Vitamin D is also really useful when it comes to losing wright too. A recent study suggested that vitamin D supplementation can in fact improve your chance of losing weight and shedding some body fat.
A double-blinded study with 218 overweight females, who were following an exercise regime at the time had 114 taking a vitamin D supplement every day and the rest acting as the control group. After 12 months, scientises had discovered that the females who had been taking their vitamin D supplements lost much more weight (7lbs) than those who had lower than required levels of this ley nutrient.
Now, the sun is definitely the best place for us to get our daily vitamin D intake, but unfortunately for many of us, the sun isn’t always shining.
There also isn’t a huge number of foods that provide sufficient levels of vitamin D, hence why supplements are so highly regarded.
- Iron
Iron acts as an essential nutrient for all of us as it promotes heathy growth, development and a strong metabolism.
That’s why too little iron and you may suffer from iron deficiency anaemia, which is one of the most common nutrition deficiencies in the US.
Iron is really important for carrying oxygen in red blood cells. These cells carry oxygen to and from muscle tissues in the body. Now, if you have low iron levels, your red blood cells may not be able to send enough oxygen to the muscle. This in turn may prevent muscles from burning fat as well as they should; this has a negative impact on the metabolic process in the body.
As well as supplements, some good food sources of iron include:
- meat
- beans
- brown rice
- dark green, leafy vegetables
- Magnesium
Magnesium is a crucial mineral that your body relies on to function properly. It can help us to produce more energy whilst regulating our blood sugar levels. Like Vitamin B, magnesium plays a key role in the body’s energy production and is essential to healthy nerve, muscle and enzyme function. Magnesium is necessary for more than 300 enzymatic reactions that support brain function and aids our muscle’s ability to contract and relax properly. And by helping to relax our muscles, magnesium can also help us sleep better, which is an important piece to supporting both a good mood and regulating metabolism and appetite.

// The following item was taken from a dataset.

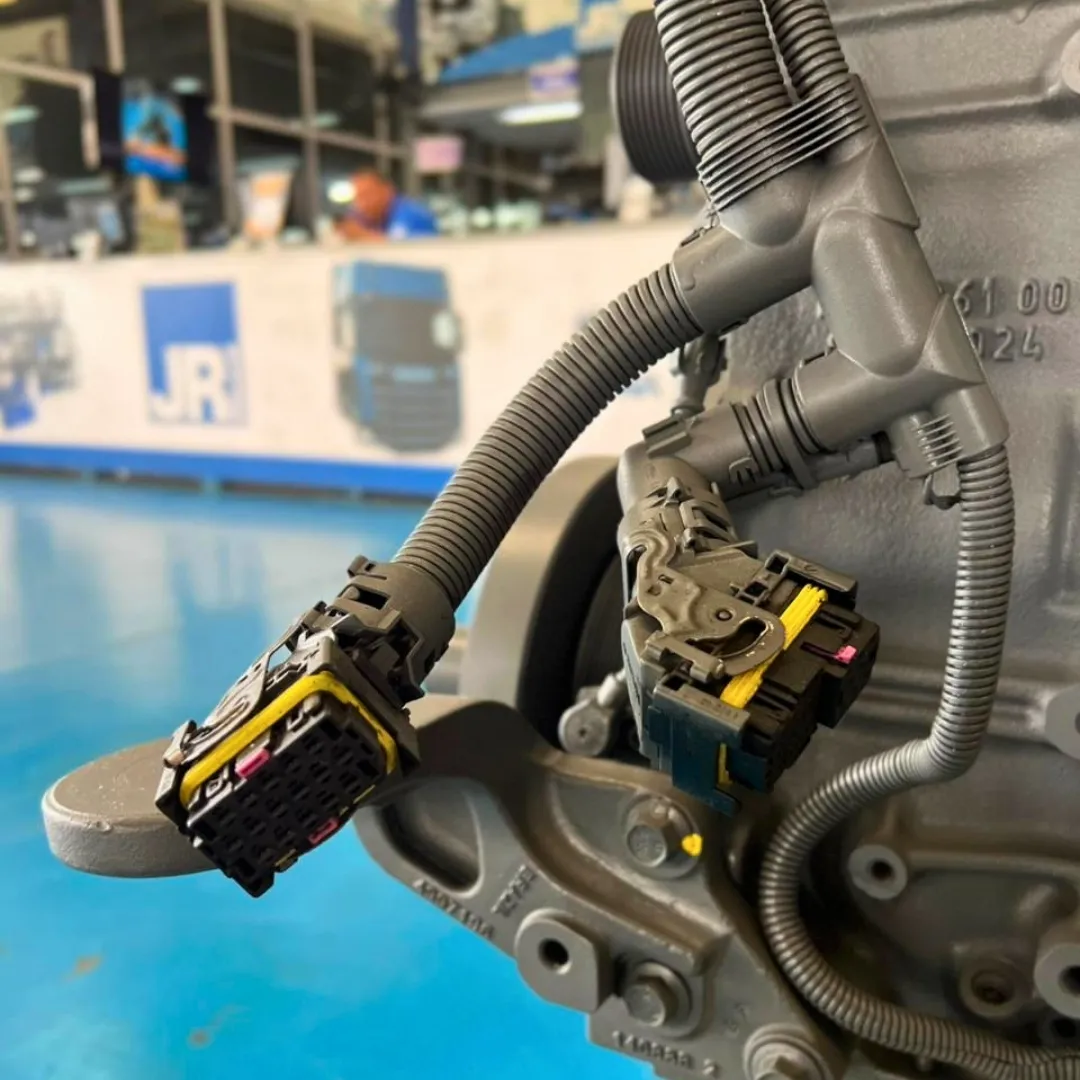 MOTOR CUMMINS ISB 6CC FORD CARGO 2628E 7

Although it doesn’t have a direct correlation with weight loss, a deficiency in magnesium can prove really harmful to your metabolism and thus make weight loss. much harder.
This is because magnesium is known for its lower levels of fasting glucose and insulin, which can significantly help those who are overweight. More than half of the insulin in our blood is sent straight to abdomen, so the more sugar we eat – the more insulin is produced. Any extra insulin is sent to the abdominal, which results in extra fat.
This means, that the more magnesium you consume then the lower your insulin levels will be, leading to a nice and trim midsection!
Magnesium acts as a really useful nutrient and can be found in:
- nuts
- seeds
- legumes
- leafy green vegetables such as spinach
- Calcium
As well as ability to create and sustain healthy bones and teeth, calcium may also help you to lose weight. Combined with vitamin D, calcium may have a beneficial effect on your metabolism. It’s proven that vitamin D and calcium together can slightly boost your calorie burn throughout the day, promoting weight loss. Although more scientific work is needed to consolidate these findings, there is no harm at all in ensuring you are consuming the right levels of calcium every day.
Calcium is a very important nutrient that our body needs to help maintain a normal heartbeat, help our blood to clot and our muscle to flex. It is important to note that calcium and Vitamin D work in conjunction, so its key that you get an adequate amount of both nutrients to make sure you reap the full benefit.